Calming, tranquil and ordered, Zen Buddhist gardens bring simplicity and meditation, together in a philosophical approach to garden design.

words by Jack Wells

Being in a well-made garden can be an incredibly soothing experience, so it shouldn’t be surprising to discover that in Zen Buddhism, gardening and meditation go hand in hand. The Zen garden is more than just a section of outdoor space to escape into – it’s a physical manifestation of a philosophy, a space intended to stimulate meditation and contemplation on the very meaning of life.

Crafted for tranquillity
Zen gardens may at first appear to be very simple, but they’re created according to a strict set of aesthetic principles, as set out in Japan’s oldest gardening guide, the Sakutei-ki (The Way of Gardening). This gives in-depth illustrated directions on every detail involved in creating a Zen garden – from the ways rocks should be grouped to how miniature ‘mountains’ should be made.

A mixture of Indian Mahayana Buddhism and Taoism, Zen emphasises the power of experience over the study of scriptures or intellectual pursuits. The word ‘zen’ itself derives from the Chinese word Chan, which in turn comes from the Sanskrit word Dhyana, which roughly translates as meditation.

Zen gardens are carefully ordered outdoor spaces that are often found in the grounds of Zen temples. They are there to be used by monks and visitors alike – places to enter into an active state of stillness known as Seijaku, a kind of tranquil contemplation. The repetitive work of raking gravel, removing moss and pulling weeds is said to form a distraction from the busyness of the mind, allowing the soul to speak.

Adachi Museum of Art

Borrowed Scenery
Whereas many gardens are designed to contrast with the surrounding world, Zen gardens seek to replicate it in a new, miniature form. Mountains are represented by large rocks, while carefully raked stones speak of rivers and streams. Sometimes, in the Sansui style of Zen gardens, actual water features are used to create these images, and sometimes it’s presented metaphorically with gravel, following the Karesansui approach (Kare means dry).

The idea of recreating large landscapes in small gardens is called Shakkei or, literally, Borrowed Scenery. The scene is intended to communicate something of the essence of nature, acting as an aid for meditation on the meaning of life.

It’s partly thanks to the concise proportions of these garden vistas that they have become so ubiquitous in Japan. In a country where 70 per cent of the population lives in 30 per cent of the geographical area, most personal gardens are small. Creating a Zen garden gives people a way to create a natural space within a densely populated environment.

Zuiho-in temple, Kyoto

Ryoan-ji
The most famous example of the Zen garden is the Ryoan-ji temple garden in Kyoto, Japan.
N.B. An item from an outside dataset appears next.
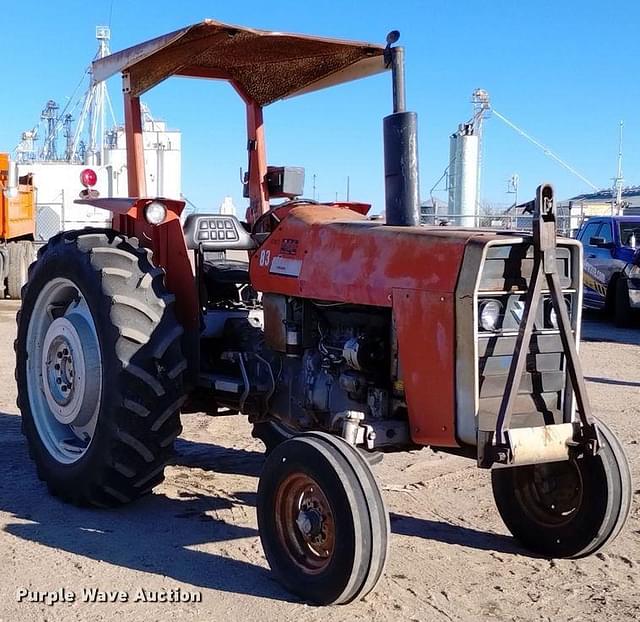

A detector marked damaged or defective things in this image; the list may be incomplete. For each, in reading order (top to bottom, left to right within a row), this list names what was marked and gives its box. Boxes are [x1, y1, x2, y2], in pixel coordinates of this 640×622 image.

Recognised as a Unesco World Heritage Site, it was first built during the 1450s. After being burnt to the ground during the Onin wars, it was rebuilt in 1486 and now attracts visitors from all over the world.
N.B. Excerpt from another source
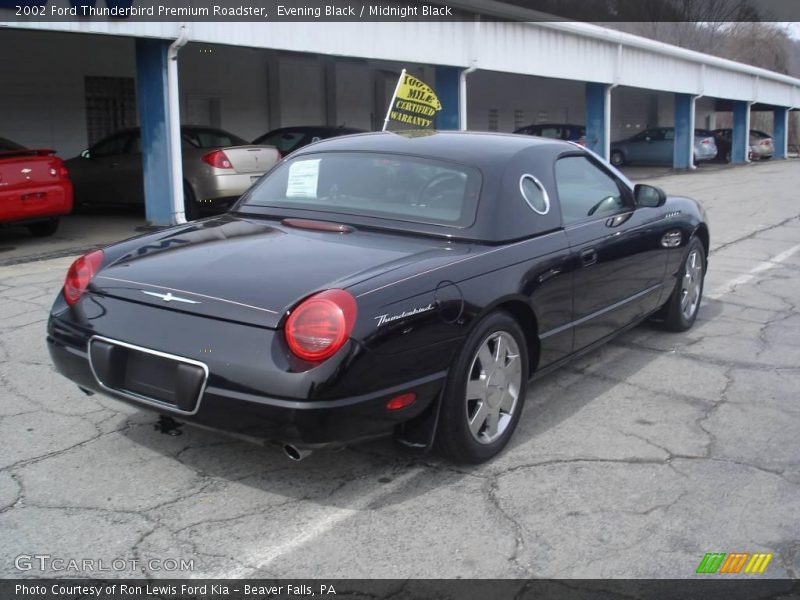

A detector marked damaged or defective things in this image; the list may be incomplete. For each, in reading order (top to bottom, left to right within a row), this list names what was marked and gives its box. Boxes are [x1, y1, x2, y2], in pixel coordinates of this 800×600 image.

cracked asphalt [0, 158, 796, 576]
The garden is famous for its 15 stones, which are placed on polished white gravel that is carefully raked by the temple’s monks every day. The large rocks are arranged in such a way that, wherever you stand in the garden, one of the stones is always hidden from your view.

However, they do say that if you manage to see all 15 at one time, then you have reached the goal of all garden-lovers – true enlightenment.